The Challenge :

There were a couple design challenges we had to address before we could start the process. The entire exhibit needed to be modular so it could be easily installed and dismantled to travel around the country, and it needed to be small enough to fit into a standard elevator or be taken by hand up escalators or stairs.

The Solution :

The exhibit starts with a replication of the original San Francisco office used by Jann Wenner, who was the founder/editor. All of the textures, finishes, and graphics were printed directly onto raw birch plywood prior to construction. Each printed piece of plywood was then cut and used to construct wall panels and appliques. A tremendous amount of coordination was required to ensure that all of the seaming aligned on the wood plank floors, the white brick walls, and graphics that tell the story.
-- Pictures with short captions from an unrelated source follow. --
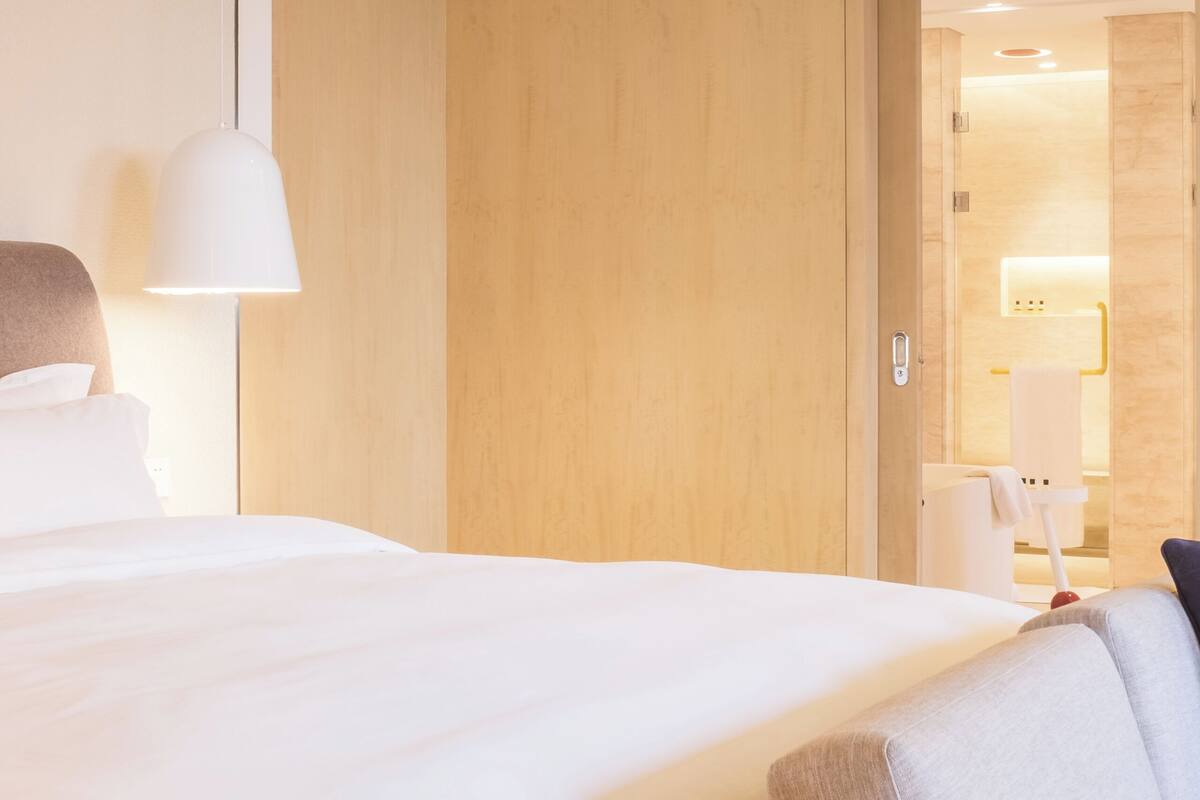 Una habitación de hotel con una cama grande, una mesita de noche, una lámpara y una puerta que da a un baño.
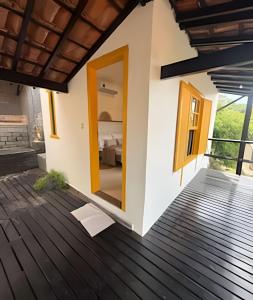 a house with a view of a bedroom at Villa Dolce Mare in Arraial do Cabo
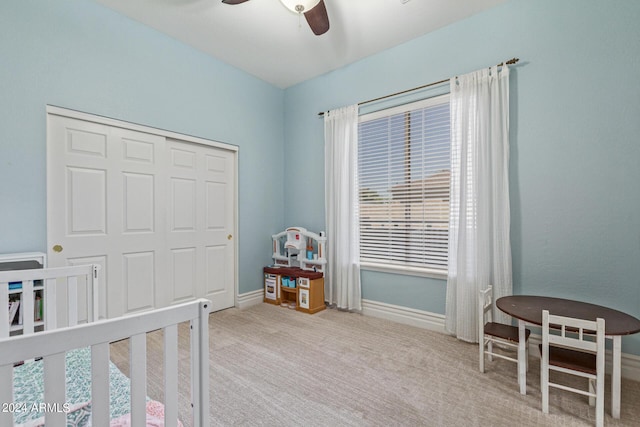 bedroom with ceiling fan, light colored carpet, and a closet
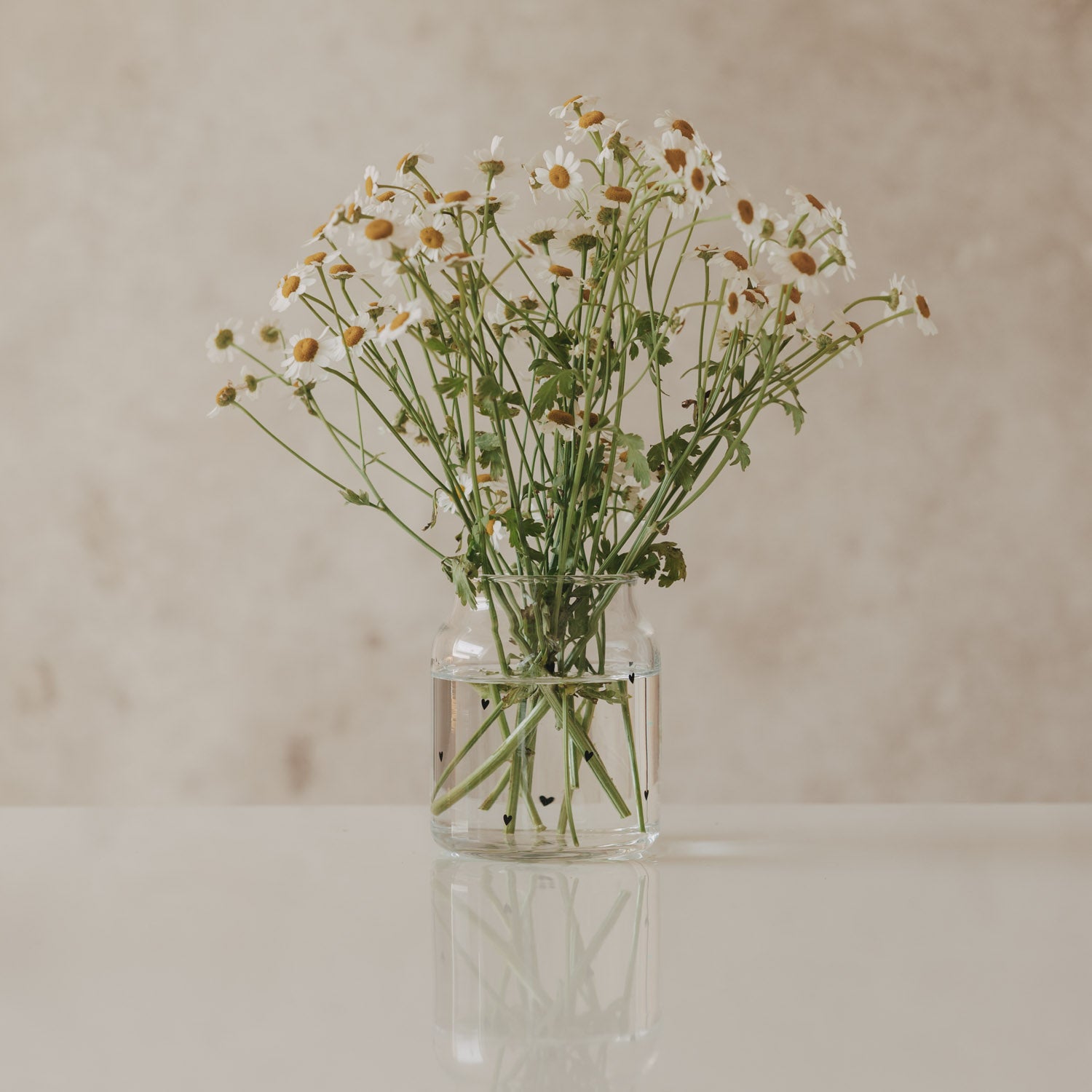 Vase aus klarem Glas mit Herz-Muster, mit gebundenem Blumenstrauß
The middle floor was designed as multiple vignettes to display all the artifacts that were specially procured for the fifth floor. Again, all of the walls, beams, and graphics were printed onto raw birch. This floor required the integration of various types of media and showcases that secured artifacts from Rolling Stone’s history.

To top off the last part of the journey, the sixth floor has four massive 12’ x 24’ back-lit LED lightboxes that display an eye-catching montage of magazine covers over the past 50 years. The back-lighting creates a vibrant look that really makes all the covers stand out and pop off the fabric.

The entire project was built in approximately five weeks and was set up by six people in four days. This was crafted as a truly modular exhibit, allowing it to be transported and then displayed at other venues throughout the country.